*** Opening MATERIAL FOR THE TASK ***

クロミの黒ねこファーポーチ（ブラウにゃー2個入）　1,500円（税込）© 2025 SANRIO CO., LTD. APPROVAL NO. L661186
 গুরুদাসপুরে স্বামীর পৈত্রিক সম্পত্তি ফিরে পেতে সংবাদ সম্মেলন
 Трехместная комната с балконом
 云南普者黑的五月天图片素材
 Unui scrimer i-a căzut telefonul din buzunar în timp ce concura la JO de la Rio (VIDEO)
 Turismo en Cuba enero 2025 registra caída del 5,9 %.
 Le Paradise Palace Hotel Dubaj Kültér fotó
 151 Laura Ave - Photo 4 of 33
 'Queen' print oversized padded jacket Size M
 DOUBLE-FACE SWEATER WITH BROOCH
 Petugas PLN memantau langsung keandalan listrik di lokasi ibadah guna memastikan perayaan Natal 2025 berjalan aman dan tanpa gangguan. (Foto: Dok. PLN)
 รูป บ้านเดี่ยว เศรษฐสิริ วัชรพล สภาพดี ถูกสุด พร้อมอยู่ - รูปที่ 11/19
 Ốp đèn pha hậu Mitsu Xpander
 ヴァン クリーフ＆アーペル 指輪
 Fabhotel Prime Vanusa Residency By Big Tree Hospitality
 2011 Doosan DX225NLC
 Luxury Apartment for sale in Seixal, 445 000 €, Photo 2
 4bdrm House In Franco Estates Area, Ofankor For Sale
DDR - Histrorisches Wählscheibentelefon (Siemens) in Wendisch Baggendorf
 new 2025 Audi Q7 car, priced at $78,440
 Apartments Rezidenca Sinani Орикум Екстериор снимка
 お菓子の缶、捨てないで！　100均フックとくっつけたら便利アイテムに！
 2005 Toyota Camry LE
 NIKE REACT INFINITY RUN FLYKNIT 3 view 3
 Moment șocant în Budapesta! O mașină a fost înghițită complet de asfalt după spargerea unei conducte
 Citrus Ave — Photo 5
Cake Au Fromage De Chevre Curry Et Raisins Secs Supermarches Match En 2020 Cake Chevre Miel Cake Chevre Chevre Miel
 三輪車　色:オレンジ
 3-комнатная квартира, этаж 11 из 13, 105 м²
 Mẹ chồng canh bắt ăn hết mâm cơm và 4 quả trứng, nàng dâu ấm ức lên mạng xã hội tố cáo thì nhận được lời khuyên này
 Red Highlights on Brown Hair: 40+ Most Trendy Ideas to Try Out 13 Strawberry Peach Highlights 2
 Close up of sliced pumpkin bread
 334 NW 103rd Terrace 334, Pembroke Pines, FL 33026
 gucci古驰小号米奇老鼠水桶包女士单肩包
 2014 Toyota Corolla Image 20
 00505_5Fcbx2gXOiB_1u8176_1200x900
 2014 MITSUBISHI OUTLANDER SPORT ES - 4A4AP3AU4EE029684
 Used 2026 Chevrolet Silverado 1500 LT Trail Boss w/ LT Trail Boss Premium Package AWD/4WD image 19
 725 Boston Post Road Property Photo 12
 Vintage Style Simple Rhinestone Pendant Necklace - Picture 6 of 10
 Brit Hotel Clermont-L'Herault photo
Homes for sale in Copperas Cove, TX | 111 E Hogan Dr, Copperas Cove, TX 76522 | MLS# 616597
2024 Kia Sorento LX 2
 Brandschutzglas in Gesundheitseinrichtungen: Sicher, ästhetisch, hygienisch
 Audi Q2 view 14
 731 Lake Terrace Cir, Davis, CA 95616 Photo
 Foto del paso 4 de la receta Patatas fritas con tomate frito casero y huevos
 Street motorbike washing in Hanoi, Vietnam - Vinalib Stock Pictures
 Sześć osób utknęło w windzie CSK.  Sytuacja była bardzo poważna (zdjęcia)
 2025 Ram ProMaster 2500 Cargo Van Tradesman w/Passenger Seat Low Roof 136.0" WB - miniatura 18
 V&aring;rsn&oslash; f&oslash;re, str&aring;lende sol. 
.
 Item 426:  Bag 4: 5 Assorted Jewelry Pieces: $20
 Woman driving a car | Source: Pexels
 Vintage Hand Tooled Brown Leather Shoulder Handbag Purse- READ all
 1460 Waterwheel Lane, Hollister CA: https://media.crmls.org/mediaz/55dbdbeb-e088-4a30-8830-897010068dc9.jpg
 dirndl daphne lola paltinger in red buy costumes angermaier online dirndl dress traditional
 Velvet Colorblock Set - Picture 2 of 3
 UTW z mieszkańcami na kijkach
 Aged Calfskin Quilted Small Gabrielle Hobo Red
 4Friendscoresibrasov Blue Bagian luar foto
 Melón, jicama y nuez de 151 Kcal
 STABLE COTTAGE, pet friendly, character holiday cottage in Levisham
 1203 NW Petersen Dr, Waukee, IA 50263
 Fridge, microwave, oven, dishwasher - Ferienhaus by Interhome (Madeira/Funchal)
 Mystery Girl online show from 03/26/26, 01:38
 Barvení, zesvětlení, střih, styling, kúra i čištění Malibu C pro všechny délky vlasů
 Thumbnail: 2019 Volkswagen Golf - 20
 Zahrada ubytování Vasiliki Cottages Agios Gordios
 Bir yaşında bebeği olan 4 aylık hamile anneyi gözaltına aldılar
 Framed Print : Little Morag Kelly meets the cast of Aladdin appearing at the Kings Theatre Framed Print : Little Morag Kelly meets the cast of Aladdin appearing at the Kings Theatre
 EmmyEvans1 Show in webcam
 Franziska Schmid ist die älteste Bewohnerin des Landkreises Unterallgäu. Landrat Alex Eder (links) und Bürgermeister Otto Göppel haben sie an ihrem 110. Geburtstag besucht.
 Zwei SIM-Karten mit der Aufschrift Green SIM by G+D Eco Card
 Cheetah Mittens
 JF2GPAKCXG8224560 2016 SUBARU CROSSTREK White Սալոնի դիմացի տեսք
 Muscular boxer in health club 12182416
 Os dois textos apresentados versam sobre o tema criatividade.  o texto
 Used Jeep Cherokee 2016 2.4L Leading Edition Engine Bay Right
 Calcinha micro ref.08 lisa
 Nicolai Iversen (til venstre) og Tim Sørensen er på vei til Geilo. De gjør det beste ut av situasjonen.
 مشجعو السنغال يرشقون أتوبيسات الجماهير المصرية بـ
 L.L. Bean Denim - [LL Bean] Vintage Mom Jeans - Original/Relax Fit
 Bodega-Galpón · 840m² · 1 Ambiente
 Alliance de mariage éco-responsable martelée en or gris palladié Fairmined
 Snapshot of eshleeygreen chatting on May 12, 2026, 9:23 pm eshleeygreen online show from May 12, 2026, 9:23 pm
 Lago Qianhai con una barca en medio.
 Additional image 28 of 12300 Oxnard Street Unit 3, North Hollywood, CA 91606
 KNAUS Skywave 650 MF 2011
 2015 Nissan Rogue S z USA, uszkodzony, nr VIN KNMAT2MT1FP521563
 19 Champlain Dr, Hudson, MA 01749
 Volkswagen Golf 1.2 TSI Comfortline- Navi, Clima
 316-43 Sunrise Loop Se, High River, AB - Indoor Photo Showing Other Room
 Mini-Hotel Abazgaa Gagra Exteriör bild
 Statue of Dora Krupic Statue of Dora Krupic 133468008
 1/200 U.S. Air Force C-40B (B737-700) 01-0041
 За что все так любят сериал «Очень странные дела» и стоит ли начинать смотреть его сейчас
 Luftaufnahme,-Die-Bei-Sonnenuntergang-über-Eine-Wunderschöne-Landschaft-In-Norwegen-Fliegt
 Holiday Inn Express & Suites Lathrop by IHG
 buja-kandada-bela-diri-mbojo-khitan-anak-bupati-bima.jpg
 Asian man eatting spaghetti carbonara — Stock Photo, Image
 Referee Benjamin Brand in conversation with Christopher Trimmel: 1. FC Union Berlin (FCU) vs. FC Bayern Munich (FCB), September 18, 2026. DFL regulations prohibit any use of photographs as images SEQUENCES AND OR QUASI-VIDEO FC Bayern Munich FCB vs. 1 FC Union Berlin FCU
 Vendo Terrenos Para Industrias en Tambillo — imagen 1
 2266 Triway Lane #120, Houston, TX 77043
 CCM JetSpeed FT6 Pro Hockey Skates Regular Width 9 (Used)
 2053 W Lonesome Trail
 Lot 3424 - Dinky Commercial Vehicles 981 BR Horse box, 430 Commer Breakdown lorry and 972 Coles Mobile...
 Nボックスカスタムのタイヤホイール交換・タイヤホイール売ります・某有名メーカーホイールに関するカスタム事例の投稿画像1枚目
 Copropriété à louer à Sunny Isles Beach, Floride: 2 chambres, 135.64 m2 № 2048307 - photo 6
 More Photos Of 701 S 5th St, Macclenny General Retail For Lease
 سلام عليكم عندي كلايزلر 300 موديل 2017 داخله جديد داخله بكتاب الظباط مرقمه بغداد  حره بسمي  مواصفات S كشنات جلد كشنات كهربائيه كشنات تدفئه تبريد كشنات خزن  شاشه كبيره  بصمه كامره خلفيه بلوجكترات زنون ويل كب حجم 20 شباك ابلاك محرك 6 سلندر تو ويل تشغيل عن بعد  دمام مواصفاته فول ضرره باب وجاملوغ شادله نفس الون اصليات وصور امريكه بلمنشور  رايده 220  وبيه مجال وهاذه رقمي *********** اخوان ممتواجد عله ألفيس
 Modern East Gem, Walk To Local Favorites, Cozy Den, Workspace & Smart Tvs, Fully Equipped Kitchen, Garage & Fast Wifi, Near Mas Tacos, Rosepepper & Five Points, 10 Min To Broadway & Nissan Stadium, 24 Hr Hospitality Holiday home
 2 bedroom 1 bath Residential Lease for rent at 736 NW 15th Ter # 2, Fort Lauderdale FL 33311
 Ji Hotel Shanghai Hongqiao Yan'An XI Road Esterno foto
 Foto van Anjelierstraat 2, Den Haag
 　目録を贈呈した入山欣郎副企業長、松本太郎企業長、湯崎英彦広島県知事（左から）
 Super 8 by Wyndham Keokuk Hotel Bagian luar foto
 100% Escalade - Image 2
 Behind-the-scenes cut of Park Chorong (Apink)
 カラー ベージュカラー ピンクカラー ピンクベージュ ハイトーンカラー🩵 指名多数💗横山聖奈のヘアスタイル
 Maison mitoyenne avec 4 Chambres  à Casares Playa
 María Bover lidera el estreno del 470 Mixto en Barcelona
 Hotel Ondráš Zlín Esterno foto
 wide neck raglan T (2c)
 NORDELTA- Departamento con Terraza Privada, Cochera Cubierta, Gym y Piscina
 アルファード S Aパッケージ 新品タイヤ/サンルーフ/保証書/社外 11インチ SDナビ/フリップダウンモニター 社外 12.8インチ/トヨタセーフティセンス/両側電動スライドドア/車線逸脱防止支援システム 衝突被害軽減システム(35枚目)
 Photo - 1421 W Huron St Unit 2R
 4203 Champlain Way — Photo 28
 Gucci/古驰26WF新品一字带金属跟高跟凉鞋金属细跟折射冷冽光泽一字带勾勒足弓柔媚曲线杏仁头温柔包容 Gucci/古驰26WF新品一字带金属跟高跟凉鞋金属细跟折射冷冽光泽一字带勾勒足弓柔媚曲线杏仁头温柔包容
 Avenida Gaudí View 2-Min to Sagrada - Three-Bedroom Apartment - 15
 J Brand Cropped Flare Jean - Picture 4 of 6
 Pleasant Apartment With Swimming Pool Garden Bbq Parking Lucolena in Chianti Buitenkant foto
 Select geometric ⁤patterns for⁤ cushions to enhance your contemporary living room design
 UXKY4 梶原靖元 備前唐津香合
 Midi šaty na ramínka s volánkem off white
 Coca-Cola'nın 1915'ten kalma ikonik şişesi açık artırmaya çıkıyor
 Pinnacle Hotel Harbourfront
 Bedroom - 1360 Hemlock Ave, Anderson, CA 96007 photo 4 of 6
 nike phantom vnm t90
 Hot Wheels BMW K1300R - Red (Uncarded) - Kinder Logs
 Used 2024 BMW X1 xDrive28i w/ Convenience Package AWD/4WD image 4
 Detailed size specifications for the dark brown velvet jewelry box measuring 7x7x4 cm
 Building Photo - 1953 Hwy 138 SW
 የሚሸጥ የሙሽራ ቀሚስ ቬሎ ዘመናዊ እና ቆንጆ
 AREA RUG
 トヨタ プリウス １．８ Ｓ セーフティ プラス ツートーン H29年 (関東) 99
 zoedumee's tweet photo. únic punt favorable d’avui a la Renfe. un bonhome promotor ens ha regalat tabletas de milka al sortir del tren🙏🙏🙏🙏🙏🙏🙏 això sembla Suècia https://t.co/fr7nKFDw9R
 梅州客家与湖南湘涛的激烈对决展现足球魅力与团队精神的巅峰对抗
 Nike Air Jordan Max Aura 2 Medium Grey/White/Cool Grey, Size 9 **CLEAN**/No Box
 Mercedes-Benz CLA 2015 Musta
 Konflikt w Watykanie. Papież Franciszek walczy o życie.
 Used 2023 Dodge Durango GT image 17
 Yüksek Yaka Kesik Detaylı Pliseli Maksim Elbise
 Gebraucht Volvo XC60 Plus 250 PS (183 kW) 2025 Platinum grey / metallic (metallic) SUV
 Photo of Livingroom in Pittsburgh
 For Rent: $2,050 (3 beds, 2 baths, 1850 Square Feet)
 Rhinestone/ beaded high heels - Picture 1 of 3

*** Closing MATERIAL FOR THE TASK ***

Output exactly one stretch of the listing: from the line containing "4203 Champlain Way — Photo 28" through the line containing "Pleasant Apartment With", both end lines included.

◆ EXERCISE SOLUTION:
 4203 Champlain Way — Photo 28
 Gucci/古驰26WF新品一字带金属跟高跟凉鞋金属细跟折射冷冽光泽一字带勾勒足弓柔媚曲线杏仁头温柔包容 Gucci/古驰26WF新品一字带金属跟高跟凉鞋金属细跟折射冷冽光泽一字带勾勒足弓柔媚曲线杏仁头温柔包容
 Avenida Gaudí View 2-Min to Sagrada - Three-Bedroom Apartment - 15
 J Brand Cropped Flare Jean - Picture 4 of 6
 Pleasant Apartment With Swimming Pool Garden Bbq Parking Lucolena in Chianti Buitenkant foto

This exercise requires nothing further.